▶ Required work:
Reproduce exactly, and only, the lines below from the one containing "Wiosenny makijaż w" through the one containing "杨超越｜厉害的面部平整度…不管是路人偶遇还是他人合影都好出众".

▶ Data provided:
● ● ● ● ●

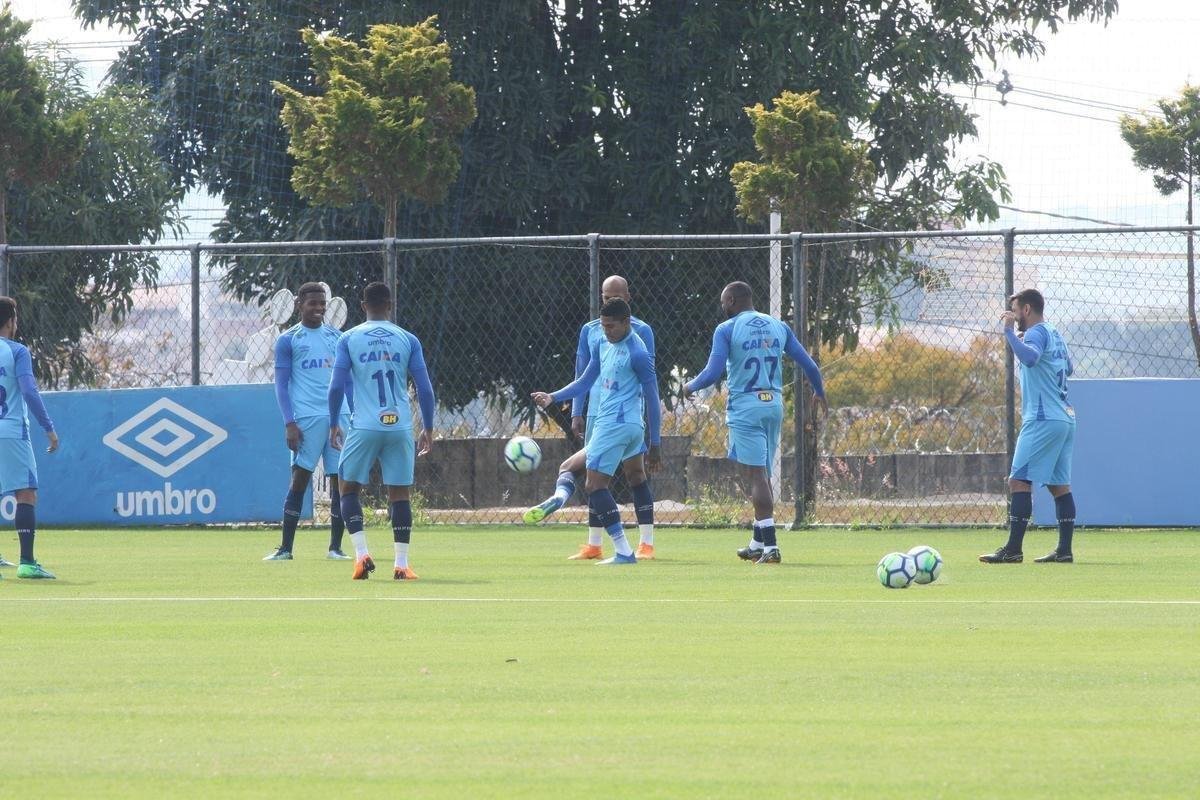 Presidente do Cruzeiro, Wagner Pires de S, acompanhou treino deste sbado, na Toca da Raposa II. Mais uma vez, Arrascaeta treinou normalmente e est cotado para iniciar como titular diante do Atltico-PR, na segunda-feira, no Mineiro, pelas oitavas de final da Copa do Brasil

● ● ● ● ●

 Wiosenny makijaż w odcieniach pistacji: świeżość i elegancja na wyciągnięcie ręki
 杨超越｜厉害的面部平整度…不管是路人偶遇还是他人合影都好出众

● ● ● ● ●

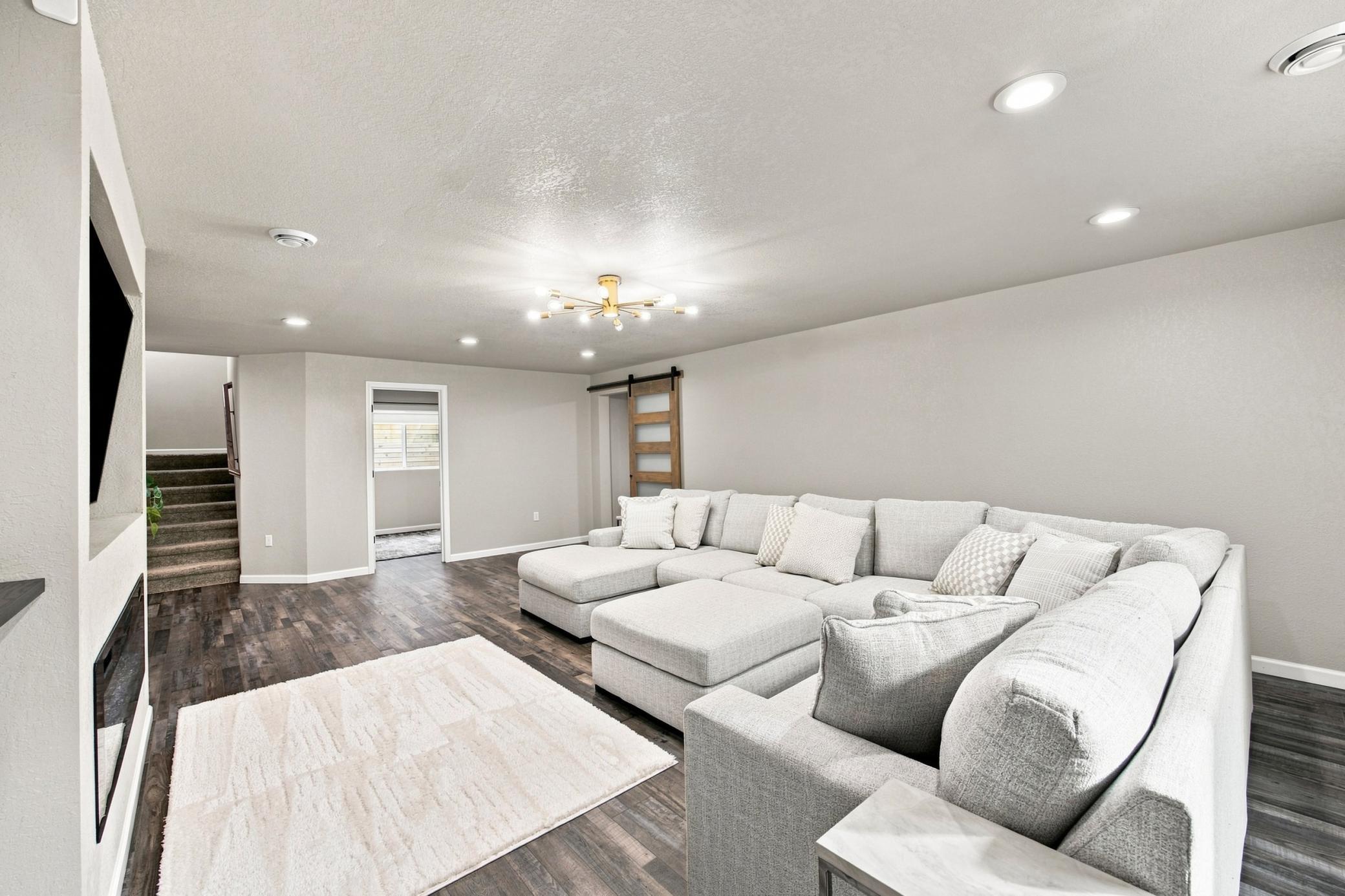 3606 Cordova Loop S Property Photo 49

● ● ● ● ●

▶ Result of this task:
 Wiosenny makijaż w odcieniach pistacji: świeżość i elegancja na wyciągnięcie ręki
 杨超越｜厉害的面部平整度…不管是路人偶遇还是他人合影都好出众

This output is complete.